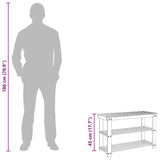 2-in-1 Shoe Rack with Bench Top 2 pcs Solid Wood - Close-Up Angle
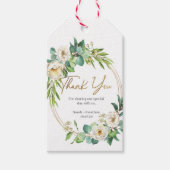 Witte bloemen en gouden bruiloft Dank u labels Cadeaulabel (Voorkant)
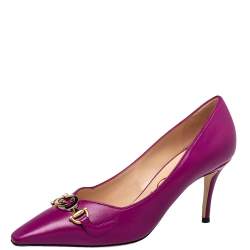 Pre Owned حذاء كعب عالي غوتشي زومي جلد بنفسجي مقاس 39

■ The problem
Leave the images out. Set down all of the material above exactly.

■ Written answer
 2-in-1 Shoe Rack with Bench Top 2 pcs Solid Wood - Close-Up Angle
 Witte bloemen en gouden bruiloft Dank u labels Cadeaulabel (Voorkant)
 Pre Owned حذاء كعب عالي غوتشي زومي جلد بنفسجي مقاس 39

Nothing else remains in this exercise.